The cathedral off Plaza de Mayo was the former seat of Pope Francis. It was a nice cool place to sit down for a bit and have a rest. I was feeling OK, but was just lacking in energy which was a bit annoying.
From here we walked to the San Telmo area where we enjoyed a wander around the San Telmo market
I loved all the little green-grocers dotted throughout the city, most of them displaying their wares in the original wooden crates.
After refueling with empanadas in a very cute little local restaurant, we continued walking to the La Boca area. We walked past the famous La Bombonera stadium, home to Boca Juniors who Diego Maradona used to play for. It would have been amazing to see a match there, but it wasn't to be this trip. Judging by this video footage, it would also be pretty scary!
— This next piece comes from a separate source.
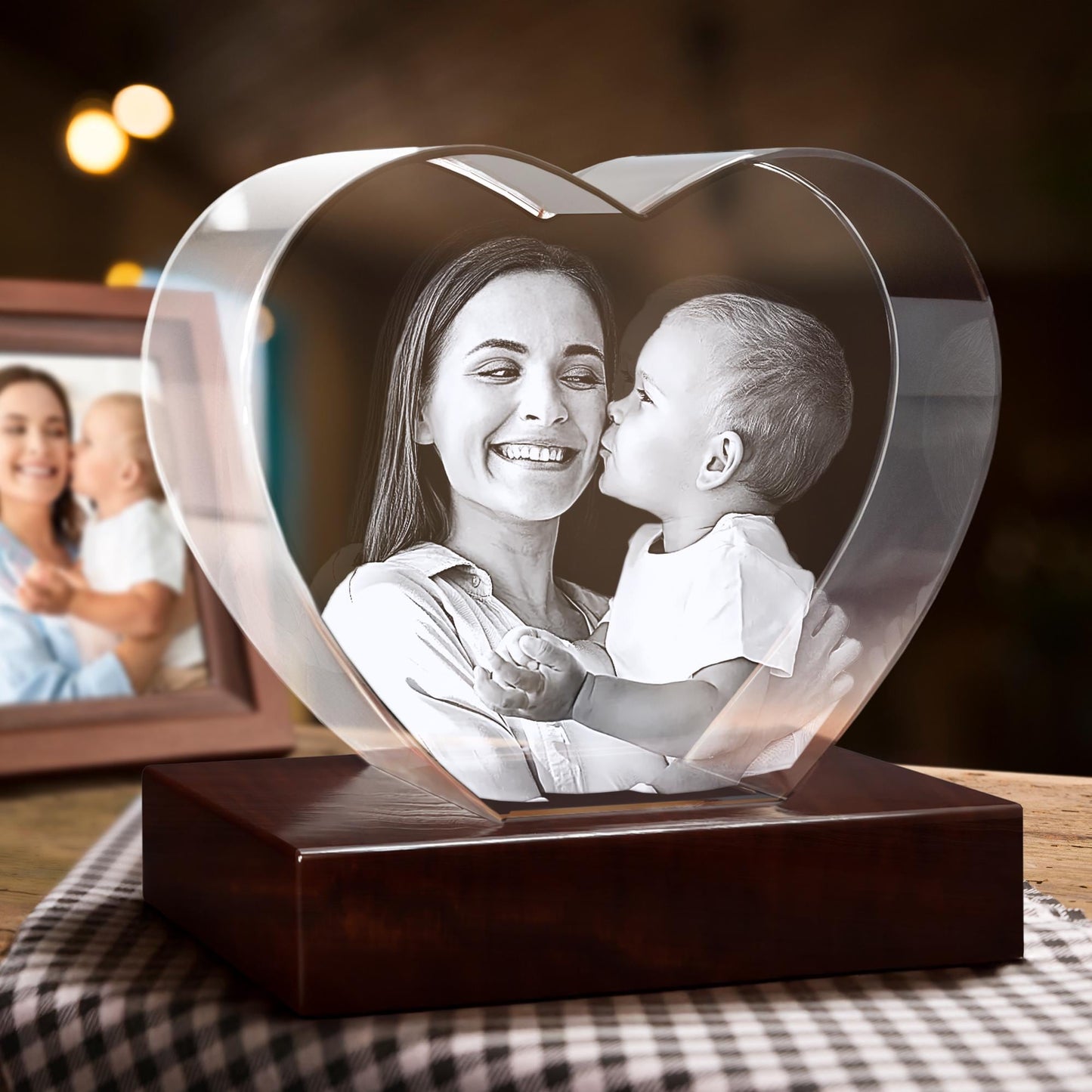 Personalized Crystal Keepsake, First Mother's Day Baby Footprint Etching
I can't believe they are allowed sparklers and flares in the stadium!! It must be pretty noisy on game day for the apartments below in the stadium's shadow.
Football is definitely king in Argentina, and walking around La Boca it was incredible how many people were kitted out in Boca Juniors colours.
Our destination was Caminito which consists of a few streets of colourfully painted houses and buildings typical of the early immigrant dwellings. It is possibly the biggest tourist trap in the whole of Buenos Aires, but we enjoyed exploring it and it was very photogenic.
We then walked all the way back to our hostel. Retrospectively, I read that apart from the Caminito area, La Boca isn't really safe for tourists to walk around! Nicola and I felt perfectly safe at all times, although we did wonder at the number of prostitutes working the streets in a couple of specific areas.
That night I had a treat in store for Nic and I... Watching the All-Blacks play the Pumas in Buenos Aires!!! This was something that I had always wanted to do since Argentina started playing in the Rugby Championship in 2012. Whenever I watched the matches on TV the atmosphere looked awesome. I couldn't believe my luck when I looked up the All-Black's fixtures and saw that the Buenos Aires match happened to be when I was in the city. I also couldn't believe that I could buy tickets online for $40 NZD each, less than half the price of what it would cost me to watch the All-Blacks at home.
After a short rest to recover from our BIG day of walking, we set out for the Jose Amalfitani Stadium by subway, followed by train.
We were way up with the gods in the second to top row, so we had a great birds-eye view of the match.
The atmosphere was electric, especially during the Argentinian national anthem, and when the Pumas scored their (highly dubious) try. As raucous as it was beforehand, during the haka you could hear a pin drop. I was highly impressed by the respect shown to the All-Blacks.
The first half was fantastic (unless you happened to be a Pumas fan!) but the second half wasn't much to write home about... Nevertheless, it was a brilliant night out. South American fans sure know how to support their teams!
The next morning we just had time to walk to La Recoleta Cemetery. This is an incredible place. It is like a walled 'city of the dead' set in 5 and a half hectares. There are over 4600 vaults, all above ground, with whole families using the same vault. It would have been nice to have a longer walk around, but we only had time to locate and view Evita's grave (which was the one with all the people around it!) before walking back, picking our bags up at the hostel, and catching a bus to the airport, ready for our flight to El Calafate in Patagonia.